Stored data:
>>

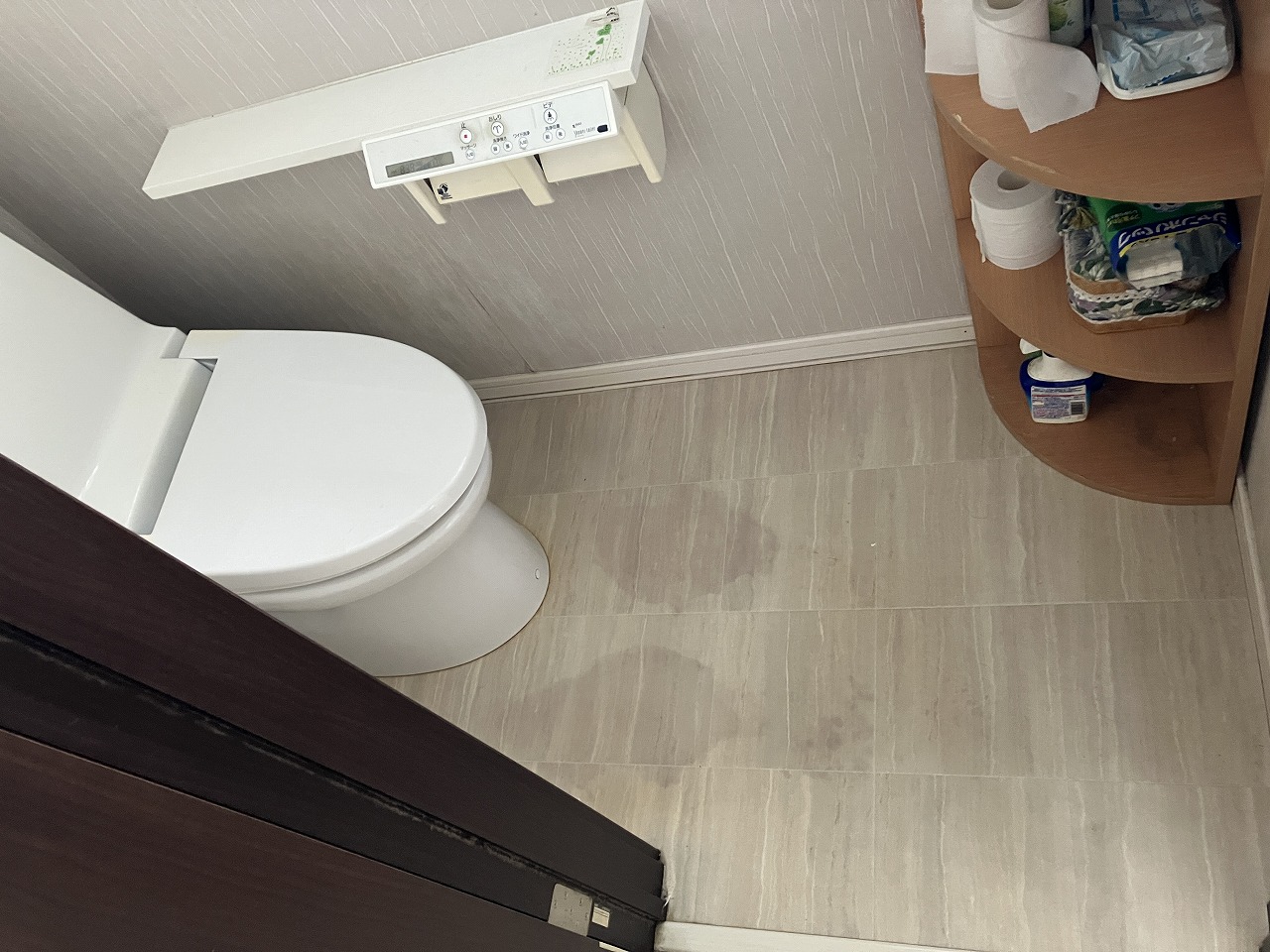 🚽【初採用！】LIXIL「うわばdeリノバ」で驚きのトイレリフォーム✨ リ・ウィンドのブログ 写真2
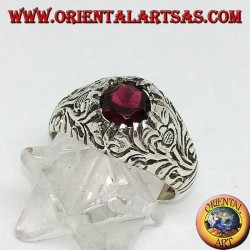 Silberring mit rundem Naturgranat auf Rahmen mit durchbrochener Blumendekoration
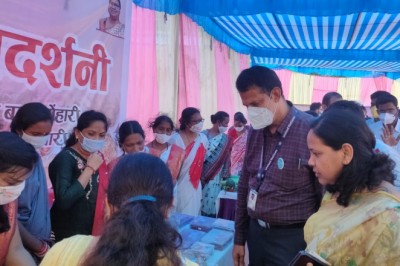 किशोरियों ने साइकिल रैली निकाला व  दिया सुपोषण का संदेश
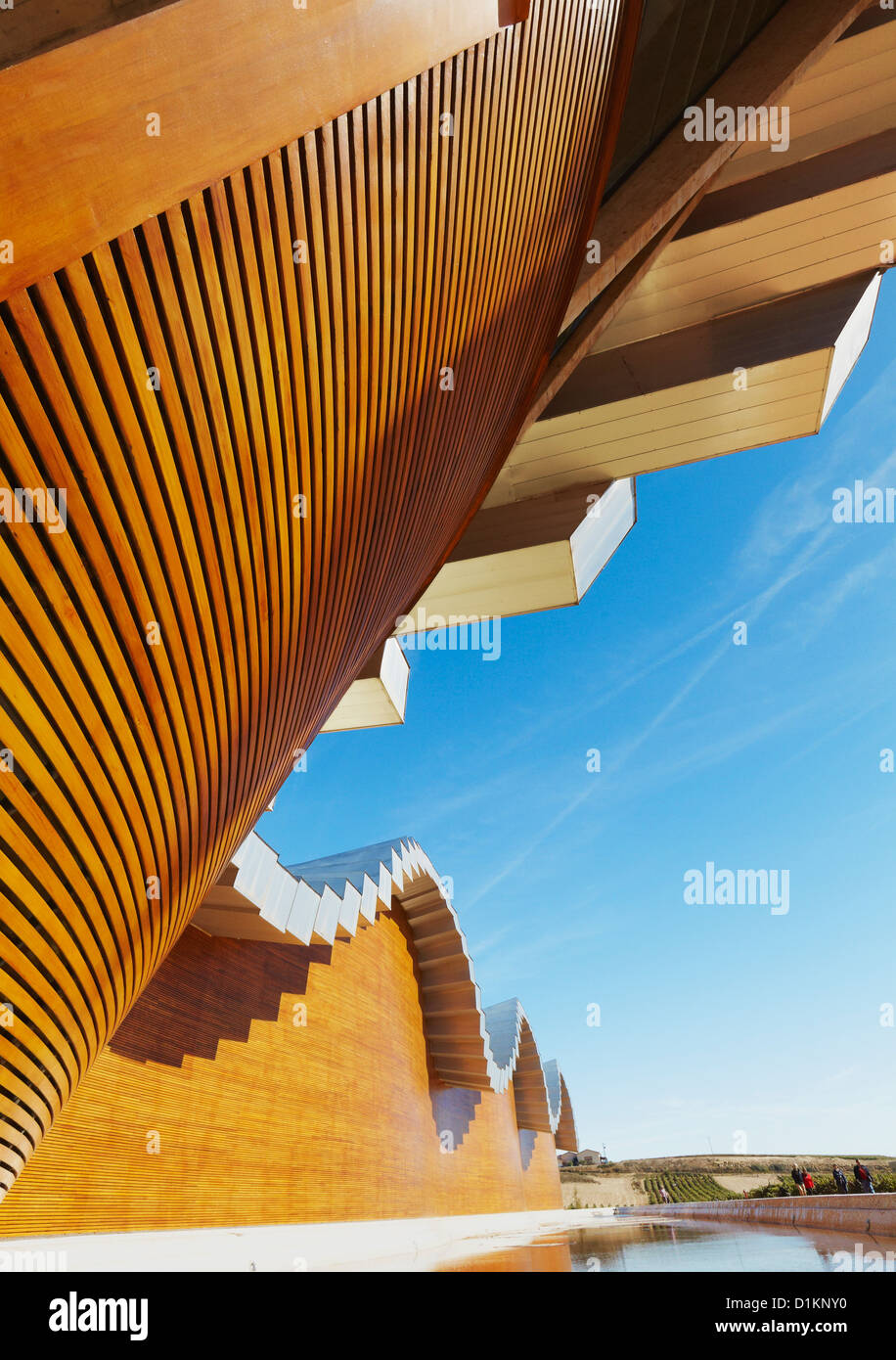 La cantina Ysios dall'architetto Santiago Calatrava. Laguardia. Rioja Alavesa strada del vino. Alava. Paese basco. Spagna Foto Stock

<<

About this exercise: Reproduce word for word only the lines between the line containing "Silberring mit rundem" and the end of the listing above, both included, and drop any pictures.

Task response:
 Silberring mit rundem Naturgranat auf Rahmen mit durchbrochener Blumendekoration
 किशोरियों ने साइकिल रैली निकाला व  दिया सुपोषण का संदेश
 La cantina Ysios dall'architetto Santiago Calatrava. Laguardia. Rioja Alavesa strada del vino. Alava. Paese basco. Spagna Foto Stock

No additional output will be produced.